■ Data to examine:
----------
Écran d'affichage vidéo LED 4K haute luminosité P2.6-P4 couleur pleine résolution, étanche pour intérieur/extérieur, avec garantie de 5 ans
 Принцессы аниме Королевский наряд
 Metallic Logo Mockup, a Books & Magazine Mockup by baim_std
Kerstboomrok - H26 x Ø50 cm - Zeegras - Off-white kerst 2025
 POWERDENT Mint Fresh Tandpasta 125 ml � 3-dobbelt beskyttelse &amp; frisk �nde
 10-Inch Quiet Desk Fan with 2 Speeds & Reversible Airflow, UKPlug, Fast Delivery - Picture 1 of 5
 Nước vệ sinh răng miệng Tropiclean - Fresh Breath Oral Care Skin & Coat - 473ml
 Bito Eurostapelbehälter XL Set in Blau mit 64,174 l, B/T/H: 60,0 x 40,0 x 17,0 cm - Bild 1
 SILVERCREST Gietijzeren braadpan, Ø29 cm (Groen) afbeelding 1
----------
Search the data above for the string "Fresh" and copy each line that has it.

■ Response:
 POWERDENT Mint Fresh Tandpasta 125 ml � 3-dobbelt beskyttelse &amp; frisk �nde
 Nước vệ sinh răng miệng Tropiclean - Fresh Breath Oral Care Skin & Coat - 473ml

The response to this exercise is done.